TASK BRIEF — Please repeat, exactly and without pictures, the lines of the entries below that run from the one containing "alien coloring page alien planet" through the one containing "925 sterling silver".

EXTRACTED MATERIAL —
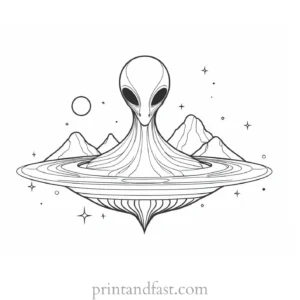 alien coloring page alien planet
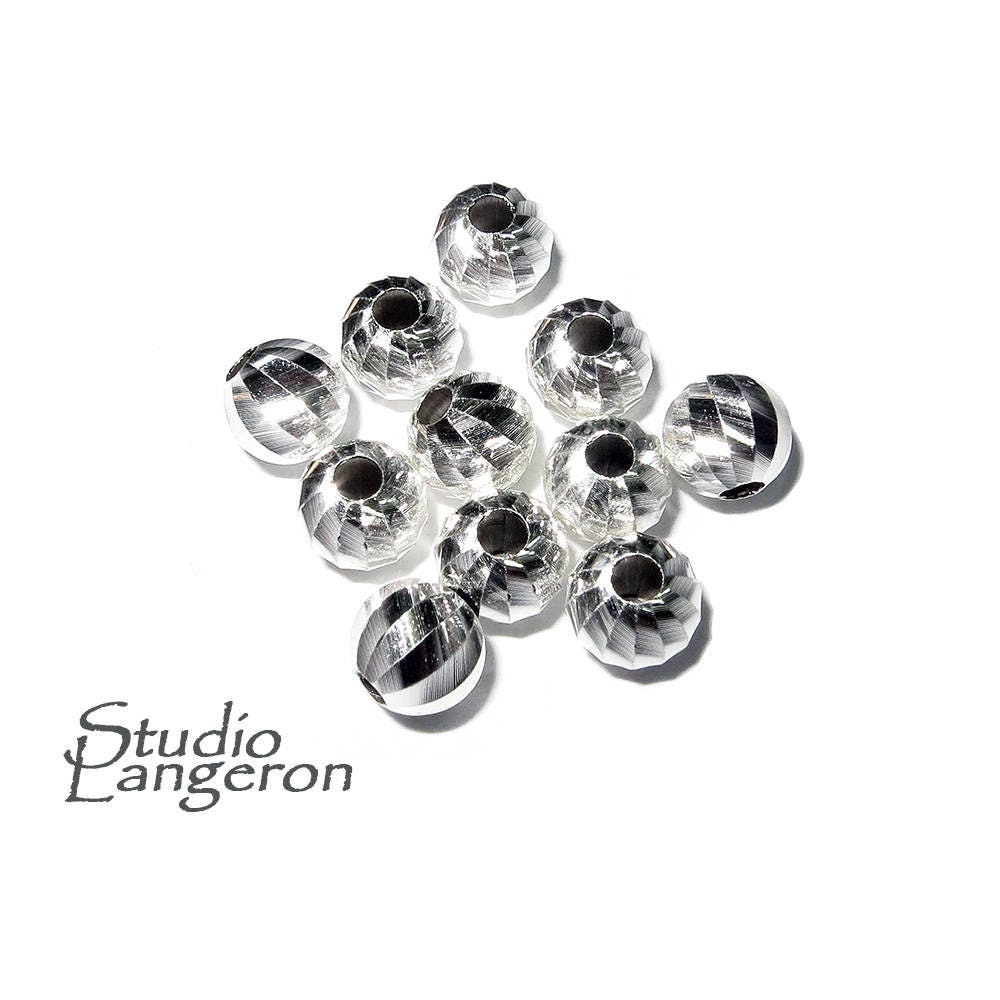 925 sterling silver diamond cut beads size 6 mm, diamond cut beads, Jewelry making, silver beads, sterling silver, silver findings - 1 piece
--
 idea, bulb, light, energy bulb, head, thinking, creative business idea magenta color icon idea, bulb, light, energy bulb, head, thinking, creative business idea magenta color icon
==
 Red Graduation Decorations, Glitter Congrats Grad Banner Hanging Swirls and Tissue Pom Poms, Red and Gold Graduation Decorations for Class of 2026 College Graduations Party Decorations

ANSWER SECTION —
 alien coloring page alien planet
 925 sterling silver diamond cut beads size 6 mm, diamond cut beads, Jewelry making, silver beads, sterling silver, silver findings - 1 piece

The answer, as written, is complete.